Sometimes, hanging out after class, my students would forget me and chat back and forth in Mandarin. I’d listen intently, trying to pick out familiar words.

Every few minutes someone would remember me, giggle and ask, “Do you know what we’re talking about?” I never did. Yet I didn’t feel left out – the cadence and tones of their speech fascinated me. It was so quick. I’d guess at the subject of their jokes from their expressions, tones, pitches of laughter. Observing a group’s dynamics without understanding the language afforded unique insights – who was funniest, who laughed most, who sat back and watched everyone else. Occasionally I’d ask the meaning of recurring words: “Zao shen me yisi (What does ‘zao’ mean)?” It was my way of proving I wasn’t a complete idiot, that I could pick out key words.

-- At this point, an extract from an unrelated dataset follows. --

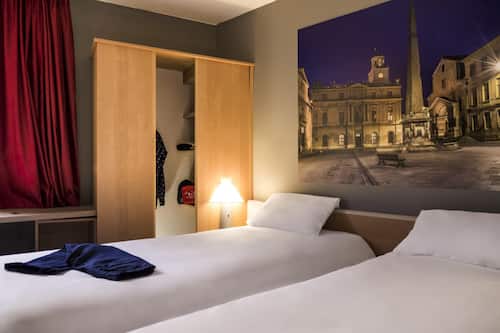 Standaard kamer, 2 eenpersoonsbedden | Een kluis op de kamer, een bureau, geluiddichte muren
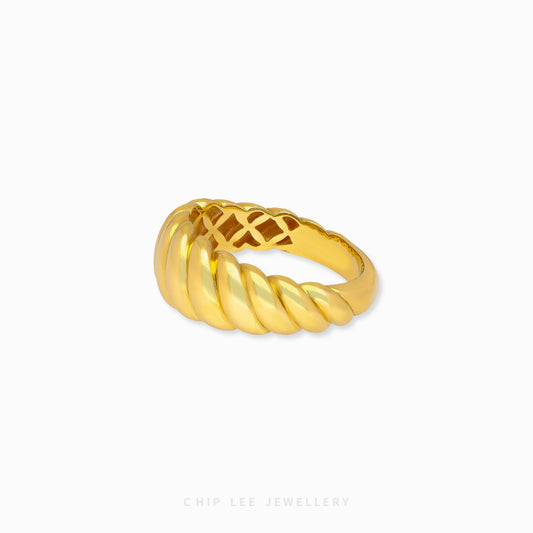 916 gold Croissant Ring with sculptural curves, hallmarked in Singapore for certified purity and authenticity.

I once caught them by surprise. They kept repeating one word over and over, laughing: mai ke. So I asked: “Mai ke shen me yisi?”

They fell quiet, blushing. No one offered the answer.

I was intrigued. “Mai ke shen me yisi?”

A few twittered; others giggled.

“Come on, tell me,” I insisted.

Finally Susan confessed: “It is your name.”

Aha: Mike = mai ke. The sneaks! Wanting to talk about me but knowing I’d recognize my Chinese name, they’d switched to a code name for me. And I’d managed to catch them at it.

I never heard mai ke after that. No doubt they moved to some other term (“curly hair” or “big nose”) that I failed to pick up.